Author Hill - always, no doubt, operating under the minatory scrutiny of Editor Hill, but always surely having fun at his task - returns with "Chapter IV: The Students." This is one of the most colorful chapters, starting vividly with the trek to Hanover of Joseph Vaill and the Osborn boys, and the rigors of their college days; and proceeding rapidly and sometimes gaily through the ordeals, pranks, and peccadilloes of successive generations of Dartmouth men, their changing numbers, origins, character, mores, purposes, goals, and destinations. There is much that seems fresh and new here, and much that is amusing. Clearly Ralph Hill had his greatest fun in this chapter.

F. William Andres '29, a Trustee of the College and erstwhile member and chairman of the Dartmouth College Athletic Council, collaborates with Ernest Roberts, DCAC publicity director, on "Chapter V: The Wearers of the Green." After dispatching Ledyard down the Connecticut on his canoe trip and noting the track and field feats of Dr. Wheelock's Indians, they cover Dartmouth sports from football to football: from the early Dartmouth football in which classes competed en masse against one another, to the recent international triumphs of Dartmouth "ruggers." There's a good deal of the other kind of football in between, along with many other sports.

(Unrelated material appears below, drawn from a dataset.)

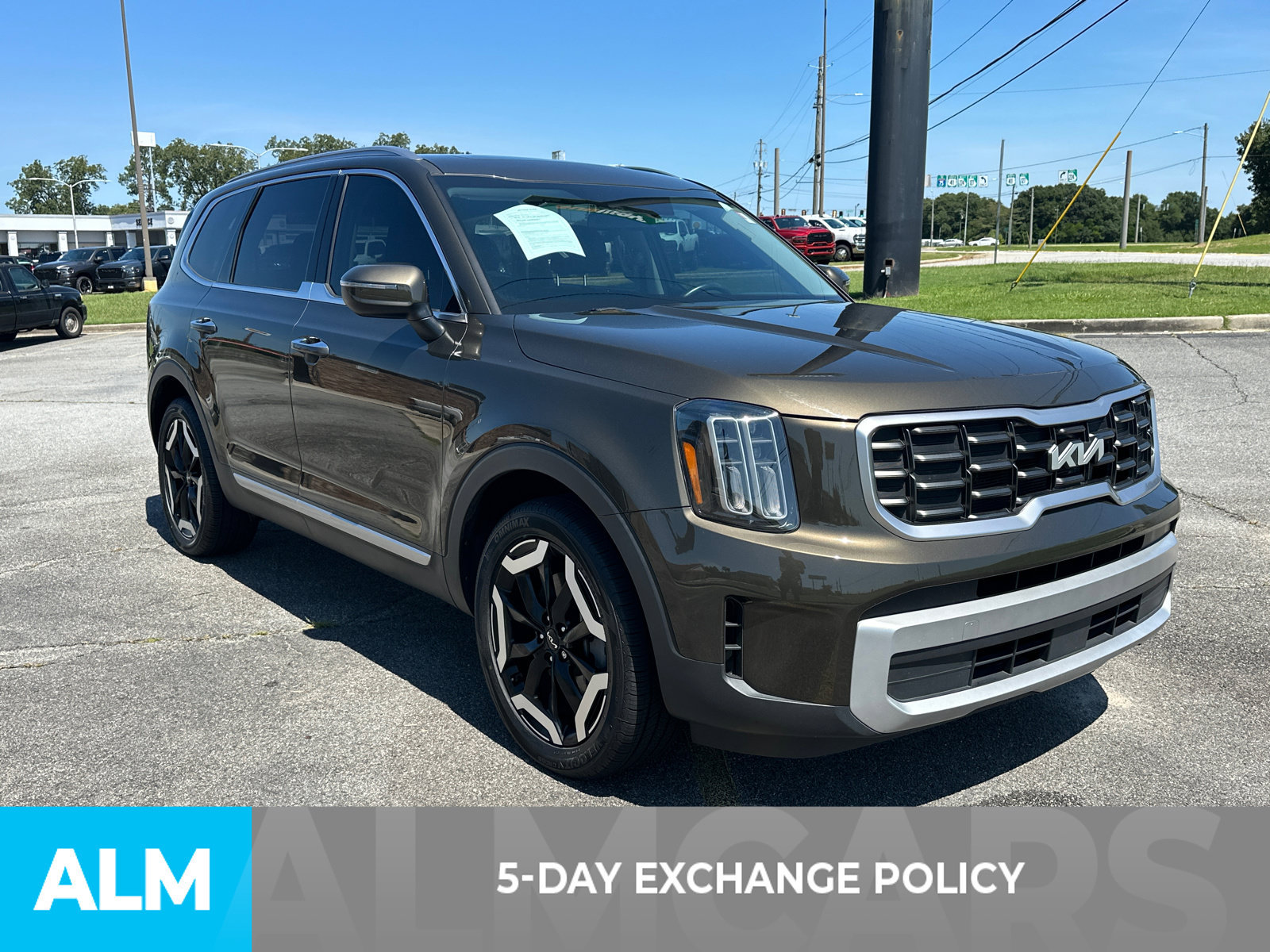 Used 2024 Kia Telluride S w/ S Sunroof Package FWD image 3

When "Chapter I: The Historic College" ended at 1893, a reader may have wondered why it stopped there, 72 years ago. But it is quickly clear as one starts "Chapter VI: The Modern College" why this concluding section starts here with President Tucker, because this is where the modern College begins. To have hitched Dr. Tucker back there as an appendage to President Bartlett would have been like hitching the locomotive onto the caboose. Here Ralph Hill updates Dartmouth's history with his customary competence, and breaks new ground with his accounts of the Hopkins and Dickey administrations.

No chronicle was ever more amply, imaginatively and discriminatingly illustrated. Numbering about 100, the illustrations embrace the widest variety of medium and subject matter - portraits, photographs, engravings, line drawings, cartoons, printed programs - of all sizes and shapes, each set just right on its page and closely related to the text.

Scattered through the book are three-or four-line inserts of quotations printed in a quietly distinctive brick-red. For this delightful and original feature, the editor earns still another encomium. These carefully selected nuggets mined from the writings of Wheelock, Tucker, Hopkins, Dickey, and numerous others, ranging from Dwight D. Eisenhower to Alonzo A. Stagg, were not discovered and selected in any small number of hours.

A reviewer must find something to cavil at to prove he's approached his task conscientiously. Pedants immersed in aptitude scores and percentiles may raise eyebrows at the reference to aptitudes "in the seven hundred percentile range" (page 258). If there were thousands of V-5 aviation cadets around here during World War II, they escaped this observer's eye. This reader relished every paragraph of "The Faculty" chapter, but younger readers who have not known all the latter-day characters mentioned and shared Stearns Morse's affection for them may find this section over-long in proportion to the disciplined dimensions of the other chapters. The omission of captions for the illustrations is esthetically pleasing, leaving the handsome pages typo- graphically uncluttered. At first the reader enjoys an identification game, checking his guesses against the "answers" in the front. Eventually, however, this reader concluded that he, for one, would sacrifice this particular esthetic value to the peruser's convenience. Surely this is an insubstantial catalog of cavillings for a truly conscientious caviller.

From end-paper to end-paper (fine drawings of the "Prospect of College and Village" in 1864 and 1964, respectively), The College on the Hill reflects in every detail the four years that went into its preparation. From cover to cover, its superb design and production bear the unmistakable mark of that rare artificer of book-making, Ray Nash, who regrettably omitted a colophon. This beautiful book deserves one. Good indexes cannot just be taken for granted. This one was done by Richard Morin.